Meantime, the countryside, as oriented and fashioned by plane, by highway, and by electric information-gathering, tends to become once more the nomadic trackless area that preceded the wheel. The beatniks gather on the sands to meditate haiku. The principal factors in media impact on existing social forms are acceleration and disruption. Today the acceleration tends to be total, and thus ends space as the main factor in social arrangements. Toynbee sees the acceleration factor as translating the physical into moral problems, pointing to the antique road crowded with dog carts, wagons, and rickshaws as full of minor nuisance, but also minor dangers. Further, as the forces impelling traffic mount in power, there is no more problem of hauling and carrying, but the physical problem is translated into a psychological one as the annihilation of space permits easy annihilation of travelers as well. This principle applies to all media study. All means of interchange and of human in terassociation tend to improve by acceleration. Speed, in turn, accentuates problems of form and structure.
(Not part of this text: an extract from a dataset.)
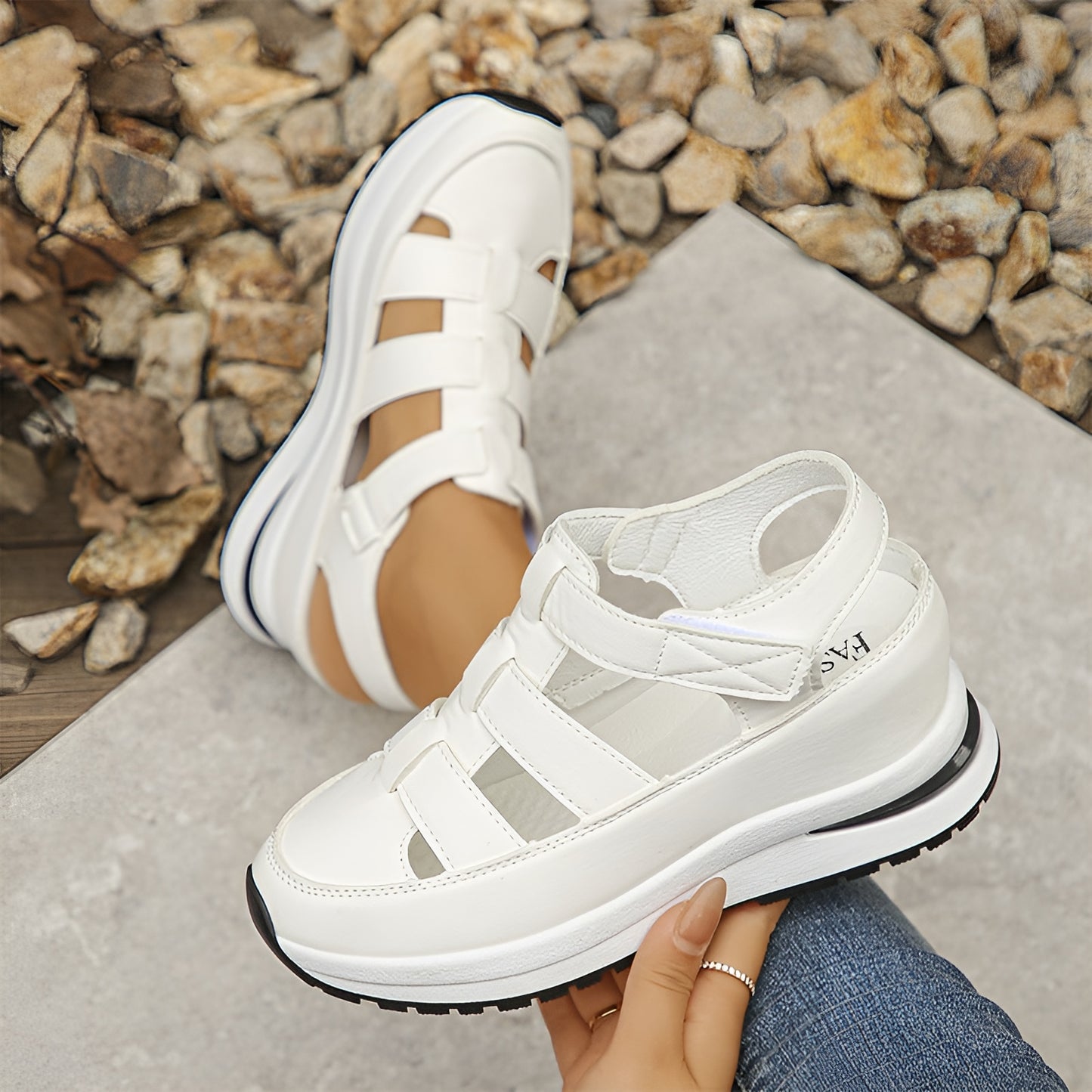 Isabelle™ | Comfortabele Dames Sandalen met Gesloten Teen en Klittenbandsluiting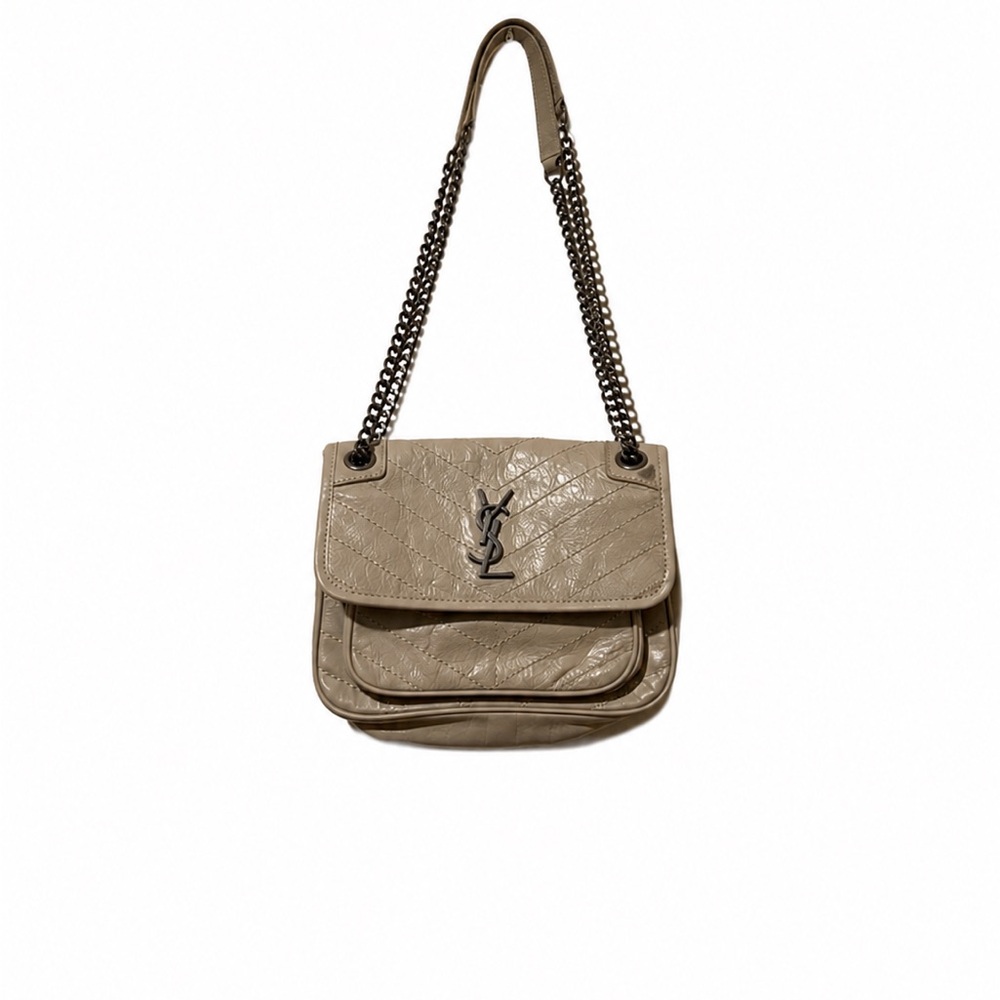 Yves Saint Laurent Cream Quilted Leather Shoulder Bag with Silver Chain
The older arrangements had not been made with a view to such speeds, and people begin to sense a draining-away of life values as they try to make the old physical forms adjust to the new and speedier movement. These problems, however, are not new. Julius Caesar's first act upon assuming power was to restrict the night movement of wheeled vehicles in the city of Rome in order to permit sleep. Improved transport in the Renaissance turned the medieval walled towns into slums. Prior to the considerable diffusion of power through alphabet and papyrus, even the attempts of kings to extend their rule in spatial terms were opposed at home by the priestly bureaucracies. Then complex and unwieldy media of stone inscription made wide ranging empires appear very dangerous to such static monopolies. The struggles between those who exercised power over the hearts of men and those who sought to control the physical resources of nations were not of one time and place.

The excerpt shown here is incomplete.